**GIVEN RECORDS:**

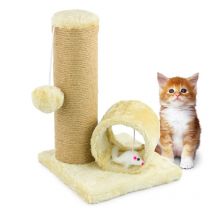 Beige Kitten Scratch Post Activity Play Tunnel Cat Sisal Scratching Tree Toy - Beige - KCT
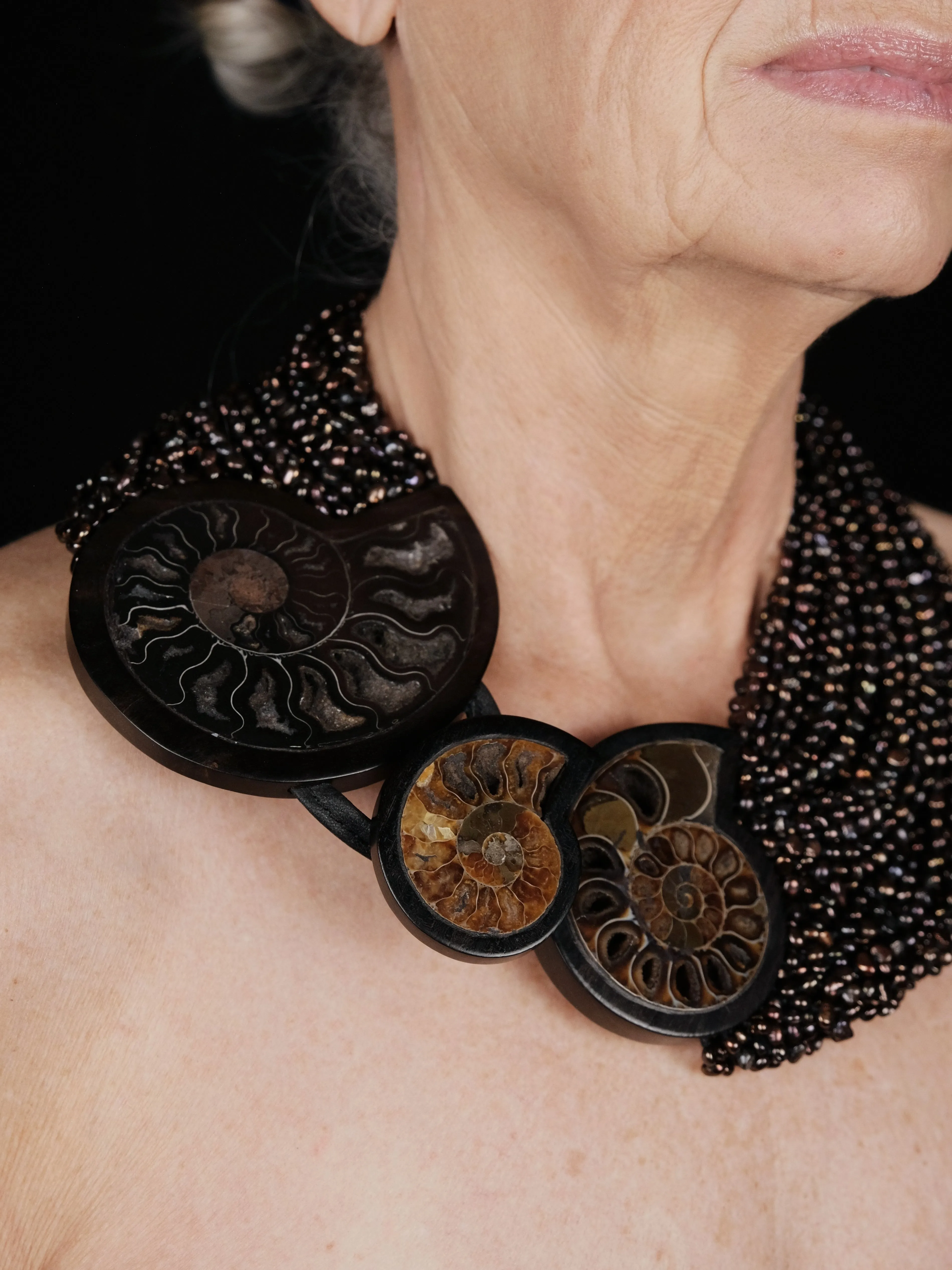 Necklace: amonite, ebony, pearls, leather sold by Monies product image thumbnail 5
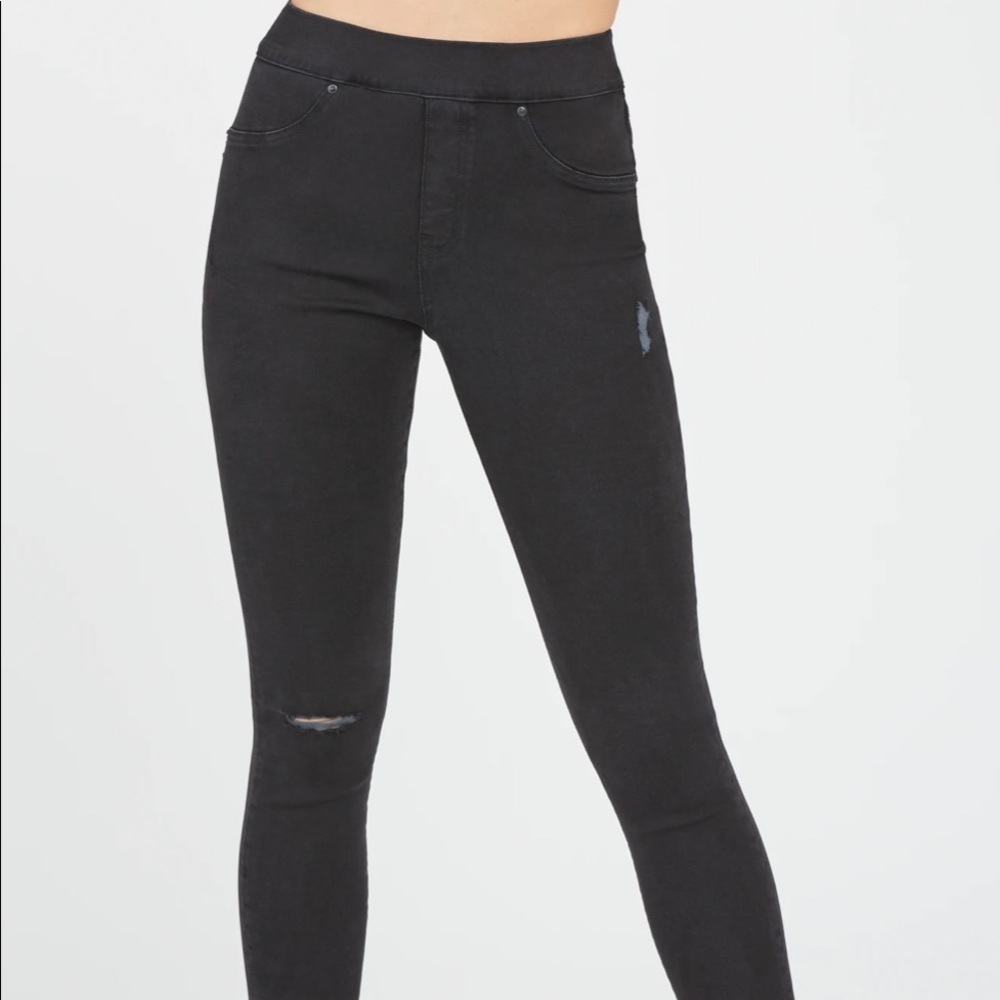 Spanx Vintage Distressed Ankle Skinny Jeans Black Size Large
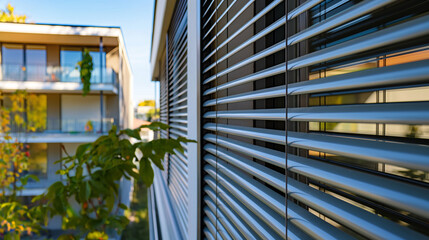 Close-up view: Amidst the buzz of construction, builders focus intently on modern, bright apartments, their hands carefully installing sleek, modern blinds and shades that offer bo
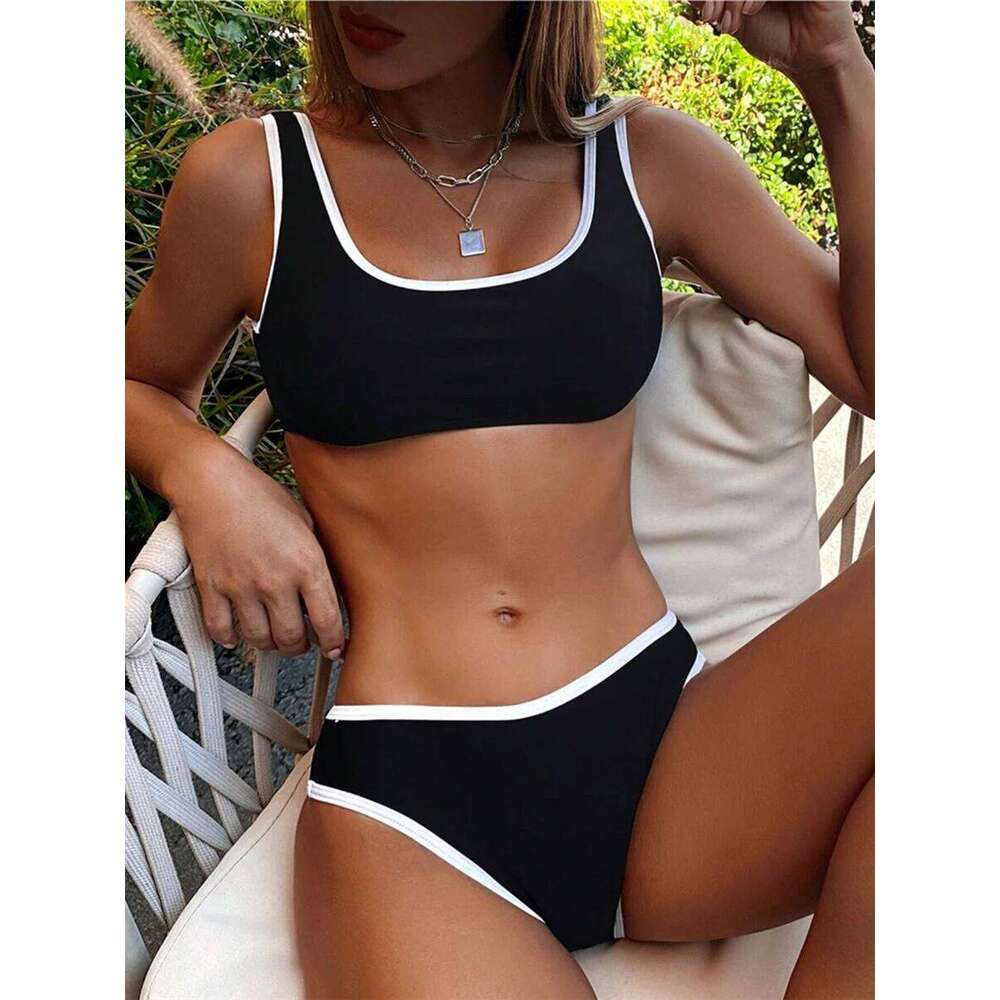 2025 Solid Sporty Two Piece Bikini Swimsuit Women Swimwear Female Bathers Bathing Swimming Swim Suit Beachwear Y260303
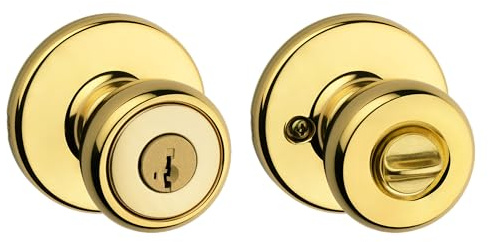 Kwikset Tylo Entry Door Knob with Lock and Key, Secure Keyed Handle Exterior, Front Entrance and Bedroom, Polished Brass, Pick Resistant SmartKey Rekey Security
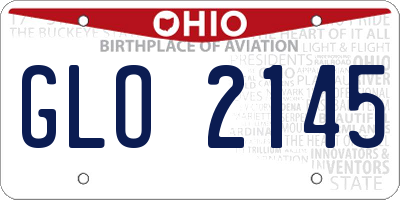 OH license plate GLO2145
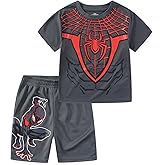 Marvel Spider-Man Miles Morales Avengers Boys 2 Piece T-Shirt and Active Mesh Shorts Set for Toddler and Big Kids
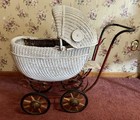 Antique Victorian Shirley Temple Wicker Baby Doll Carriage Stroller 33   x15 5   x33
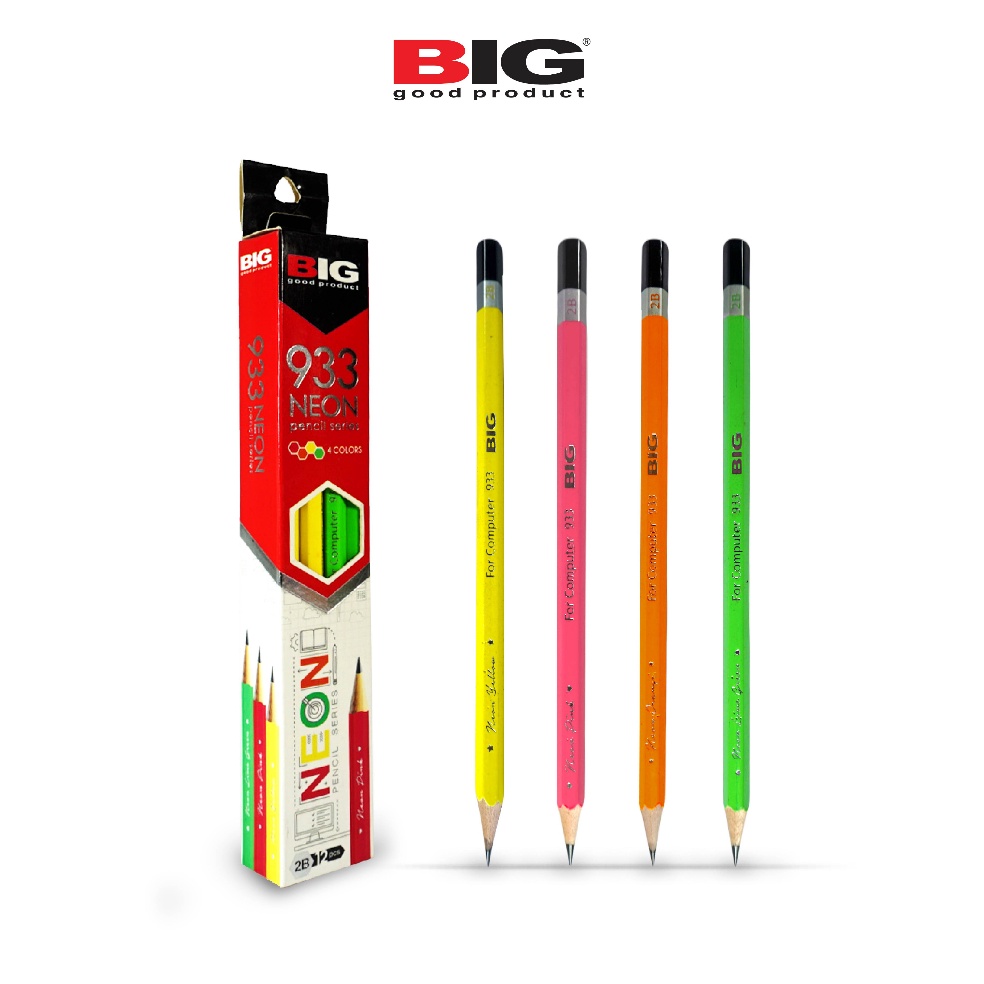 

MKMYW 12 Pcs BIG Pensil 2B Neon Warna Elegan Graphite Pencil Standar Ujian Extra Dark PS-933 41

**REQUIREMENT:** From the line containing "Spanx Vintage Distressed" to the last line of the records, inclusive, output the lines exactly as written and nothing else; leave out the pictures.

**FINISHED EXERCISE:**
 Spanx Vintage Distressed Ankle Skinny Jeans Black Size Large
 Close-up view: Amidst the buzz of construction, builders focus intently on modern, bright apartments, their hands carefully installing sleek, modern blinds and shades that offer bo
 2025 Solid Sporty Two Piece Bikini Swimsuit Women Swimwear Female Bathers Bathing Swimming Swim Suit Beachwear Y260303
 Kwikset Tylo Entry Door Knob with Lock and Key, Secure Keyed Handle Exterior, Front Entrance and Bedroom, Polished Brass, Pick Resistant SmartKey Rekey Security
 OH license plate GLO2145
 Marvel Spider-Man Miles Morales Avengers Boys 2 Piece T-Shirt and Active Mesh Shorts Set for Toddler and Big Kids
 Antique Victorian Shirley Temple Wicker Baby Doll Carriage Stroller 33   x15 5   x33

MKMYW 12 Pcs BIG Pensil 2B Neon Warna Elegan Graphite Pencil Standar Ujian Extra Dark PS-933 41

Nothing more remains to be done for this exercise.